Pasó por la despensa caminando a grandes zancadas. Desde allí salió al patio. Tan seguro se sentía de lo que estaba a punto de hacer que dejó marchar a los alemanes y a las dos familias inglesas y esperó en circunspecto silencio a que salieran del patio. Cuando se hubieron ido buscó a Polly Simpson y, sin mayores ceremonias, le quitó la cámara del hombro.

– ¡Eh! Es mía. ¿Qué está usted…? -protestó ella.

Lynley la hizo callar y abrió el primero de los estuches para carretes que iban sujetos a la correa de la cámara. Estaba vacío. Igual que los demás.

– Me he fijado en que ha estado usted haciendo fotografías desde que llegamos. ¿Cuántas diría usted que ha disparado? -le preguntó.

Polly dijo:

– No lo sé. No llevo la cuenta. Hago fotos hasta que se me acaba el carrete.

– Pero no ha traído carretes de recambio, ¿verdad?

– No creí que fuera necesario.

– ¿No? Qué curioso. Empezó usted a hacer fotografías en el mismo momento en que entró en el jardín. Y no ha parado, excepto durante el alboroto de la galería, supongo. ¿O fotografió aquello también?

Emily Guy ahogó un grito.

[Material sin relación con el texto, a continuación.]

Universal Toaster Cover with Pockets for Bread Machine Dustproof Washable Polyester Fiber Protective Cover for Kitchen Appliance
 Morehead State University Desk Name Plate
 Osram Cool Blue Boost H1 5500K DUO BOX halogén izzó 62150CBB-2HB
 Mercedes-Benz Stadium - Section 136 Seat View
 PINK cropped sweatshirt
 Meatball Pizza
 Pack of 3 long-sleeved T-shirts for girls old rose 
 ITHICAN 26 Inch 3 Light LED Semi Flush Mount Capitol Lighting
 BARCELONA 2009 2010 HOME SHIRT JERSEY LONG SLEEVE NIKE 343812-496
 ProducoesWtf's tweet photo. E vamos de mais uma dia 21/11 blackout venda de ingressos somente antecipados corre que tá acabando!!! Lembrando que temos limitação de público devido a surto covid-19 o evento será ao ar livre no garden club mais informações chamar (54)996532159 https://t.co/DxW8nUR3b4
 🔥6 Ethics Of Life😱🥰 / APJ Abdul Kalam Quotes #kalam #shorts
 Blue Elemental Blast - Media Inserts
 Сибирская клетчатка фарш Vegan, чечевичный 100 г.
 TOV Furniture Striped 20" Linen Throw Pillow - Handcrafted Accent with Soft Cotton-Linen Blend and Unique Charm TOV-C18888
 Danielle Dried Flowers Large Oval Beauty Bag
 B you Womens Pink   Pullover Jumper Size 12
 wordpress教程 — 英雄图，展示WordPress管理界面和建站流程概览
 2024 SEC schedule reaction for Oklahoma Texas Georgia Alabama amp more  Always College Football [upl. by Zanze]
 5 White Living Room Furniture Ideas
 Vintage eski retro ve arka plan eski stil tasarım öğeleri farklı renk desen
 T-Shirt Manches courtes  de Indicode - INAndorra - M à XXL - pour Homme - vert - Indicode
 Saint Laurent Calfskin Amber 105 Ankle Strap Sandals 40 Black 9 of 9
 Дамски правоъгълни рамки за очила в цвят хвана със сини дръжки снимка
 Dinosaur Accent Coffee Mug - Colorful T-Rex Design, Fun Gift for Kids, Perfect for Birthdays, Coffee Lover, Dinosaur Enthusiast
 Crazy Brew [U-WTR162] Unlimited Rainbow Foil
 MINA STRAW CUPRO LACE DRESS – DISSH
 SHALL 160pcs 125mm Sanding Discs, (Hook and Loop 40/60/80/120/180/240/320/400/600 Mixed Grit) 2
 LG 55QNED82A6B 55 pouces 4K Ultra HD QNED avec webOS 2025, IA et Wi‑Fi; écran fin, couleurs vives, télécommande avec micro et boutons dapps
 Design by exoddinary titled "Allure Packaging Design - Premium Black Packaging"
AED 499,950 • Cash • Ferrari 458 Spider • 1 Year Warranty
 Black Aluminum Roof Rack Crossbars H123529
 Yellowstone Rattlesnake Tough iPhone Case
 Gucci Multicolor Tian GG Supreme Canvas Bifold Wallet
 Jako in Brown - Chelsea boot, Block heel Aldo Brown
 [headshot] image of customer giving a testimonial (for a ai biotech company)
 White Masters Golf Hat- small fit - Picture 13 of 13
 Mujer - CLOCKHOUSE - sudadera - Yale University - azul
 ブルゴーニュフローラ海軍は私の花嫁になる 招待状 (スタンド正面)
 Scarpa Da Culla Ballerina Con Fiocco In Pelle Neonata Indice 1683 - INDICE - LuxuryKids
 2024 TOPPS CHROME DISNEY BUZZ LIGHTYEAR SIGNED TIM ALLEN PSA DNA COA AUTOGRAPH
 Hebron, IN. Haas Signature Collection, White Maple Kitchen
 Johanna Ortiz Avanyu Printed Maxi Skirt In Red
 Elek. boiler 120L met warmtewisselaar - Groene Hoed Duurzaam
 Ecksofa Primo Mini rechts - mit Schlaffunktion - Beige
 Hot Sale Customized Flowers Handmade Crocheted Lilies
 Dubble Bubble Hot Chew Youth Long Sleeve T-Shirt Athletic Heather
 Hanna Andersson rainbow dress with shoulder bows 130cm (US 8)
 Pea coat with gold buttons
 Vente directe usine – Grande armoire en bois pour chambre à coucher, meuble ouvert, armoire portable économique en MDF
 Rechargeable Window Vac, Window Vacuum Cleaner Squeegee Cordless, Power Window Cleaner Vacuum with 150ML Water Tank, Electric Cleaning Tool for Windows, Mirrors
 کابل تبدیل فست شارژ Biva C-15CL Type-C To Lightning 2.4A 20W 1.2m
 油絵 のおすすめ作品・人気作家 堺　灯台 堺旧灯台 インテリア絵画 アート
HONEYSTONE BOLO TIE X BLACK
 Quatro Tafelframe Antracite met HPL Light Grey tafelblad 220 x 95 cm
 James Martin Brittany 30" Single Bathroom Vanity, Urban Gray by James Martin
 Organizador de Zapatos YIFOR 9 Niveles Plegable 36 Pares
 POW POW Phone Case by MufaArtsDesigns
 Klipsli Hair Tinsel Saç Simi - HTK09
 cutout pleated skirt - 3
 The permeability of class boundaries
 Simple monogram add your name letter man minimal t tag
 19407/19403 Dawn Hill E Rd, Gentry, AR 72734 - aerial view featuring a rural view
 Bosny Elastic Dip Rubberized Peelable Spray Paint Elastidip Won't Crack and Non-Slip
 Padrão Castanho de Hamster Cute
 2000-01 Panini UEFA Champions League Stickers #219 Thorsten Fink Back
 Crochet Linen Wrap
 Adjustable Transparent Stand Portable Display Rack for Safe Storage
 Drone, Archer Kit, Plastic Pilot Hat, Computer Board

Y Sam Cleary dijo:

– Oiga usted…

Y habría dicho más si su esposa no le hubiera cogido un brazo con fuerza.

– Pero ¿qué es esto? -preguntó Victoria Wildcr-Scott-. Todo el mundo sabe que Polly siempre hace fotos.

– ¿De veras? ¿Con esta lente? -preguntó Lynley.

– Es un macro zoom -dijo Polly. Y como Lynley apretaba la lente con fuerza, exclamó-: ¡Oiga! ¡No haga eso! Me ha costado una fortuna.

– No me diga -comentó Lynley.

Desenroscó la lente y la quitó de la cámara. La puso hábilmente boca abajo contra la palma de la mano. Las dos pequeñas piezas de plata cayeron del interior.

Varias personas sofocaron un grito.

– Se trataba de una cámara falsa -afirmó con solemnidad Cleve Houghton.

Y todas las miradas de los presentes en el patio se volvieron hacia Polly Simpson.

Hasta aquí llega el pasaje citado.